A few months went by, when we got a call letting us know that Leda was going to be hauled for a scrub and bottom paint and that if we wanted to see her out of the water this was the chance.  I caught a flight to Seattle, and started the dance that is always part of buying a boat.

Leda, spring of 1987

Leda was owned in those days by Frank and Bea Hyland.  Frank and Bea both loved their boat and while they seemed to like us quite a lot, were not very agreeable to the amount of money we offered them to buy their boat.  The dance continued.  And continued….until autumn of 1989.

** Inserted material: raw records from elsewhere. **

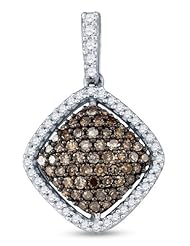 10K White Gold Round Brilliant Cut Channel Set Chocolate Brown and White Diamond Halo Diamond Shape Pendant - (1/2 cttw.)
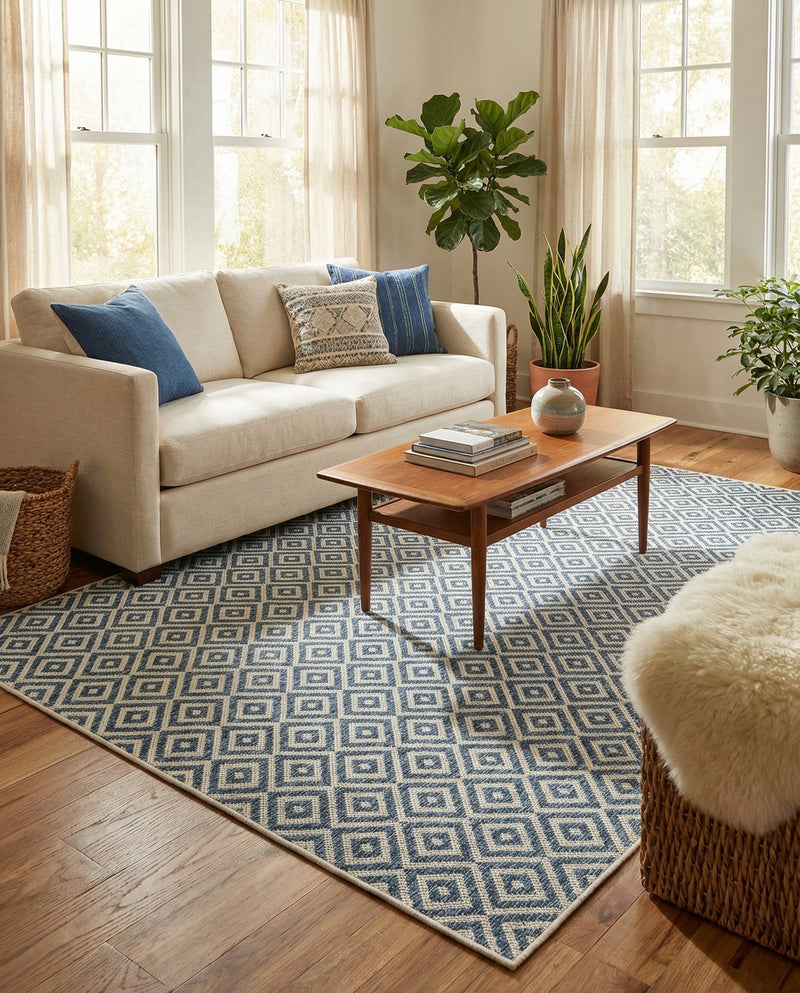 Urban Oasis Rugs Collection Area Rug -  Rooftop (Blue) Rectangle Blue  lifestyle 5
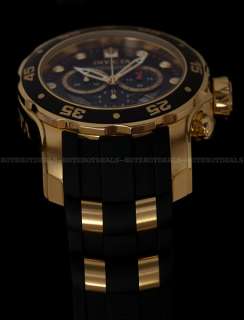   Diver Scuba Chronograph 18K Gold Plated Black Dial Watch 6981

Russ & Ginny on board Leda in Elliot Bay, June 21, 1987

In September of 1989 I had quit my day job and gone in as a partner on a WWII landing craft and freight hauling business.  Southeast Alaska has a lot of area with no roads but lots of water, so hauling freight by landing craft was a pretty good gig.  However, it was almost instantaneous that I got a phone call from Frank Hyland.  They had a buyer for Leda at a little more than half of what they had originally asked and well less than we had offered and he was going to give me first right of refusal at that price.  I had no choice but to tell him that I had just started a business, had spent every available penny I had to get into it and that he would have to sell his boat to the other guy.  I was pretty sure that Leda had just left our life forever.  But isn’t life strange with the surprises it holds for us.  As the great Yogi Berra said “It ain’t over ’til it’s over.”